The discounted cash flow method is designed to establish the present value of a series of future cash flows. Present value information is useful for investors, under the concept that the value of an asset right now is worth more than the value of that same asset that is only available at a later date. An investor will use the discounted cash flow method to derive the present value of several competing investments, and usually picks the one that has the highest present value. The investor may not pick an investment with the highest present value if it is also considered a riskier opportunity than the other prospective investments. The steps to be taken to calculate present value under the discounted cash flow method are as follows:
- Itemize all positive and negative cash flows associated with an investment. This can include the following:
- The initial purchase
- Subsequent maintenance on the initial purchase
- The working capital investment associated with the initial purchase
- The profit on sales of the goods and services derived from the investment
- The amount of income tax sheltered by the depreciation on the acquired asset
- The working capital reduction that occurs once the asset is later sold
- The salvage value of the asset that is expected when it is sold at the end of its useful life
- Determine the cost of capital of the investor.
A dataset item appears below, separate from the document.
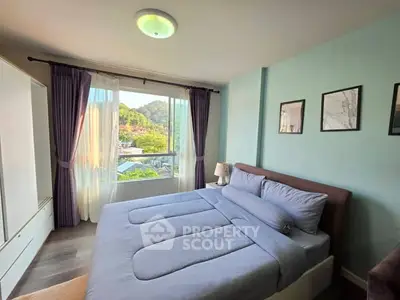 Cozy bedroom with scenic window view and modern decor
This is the after-tax cost of the investor's debt, preferred stock, and common stock. It may also be adjusted upward to account for the additional risk associated with an investment. The cost of the investor's common stock is the most expensive and the most difficult to calculate.
- Plug the cash flows from Step 1 and the cost of capital from Step 2 into the following calculation to derive the present value of all cash flows:
Net present value = X × [(1+r)^n - 1]/[r × (1+r)^n]
X = The amount received per period
n = The number of periods
r = The required return (cost of capital)
The preceding formula can be plugged into the Excel electronic spreadsheet to arrive at the discounted cash flow figure.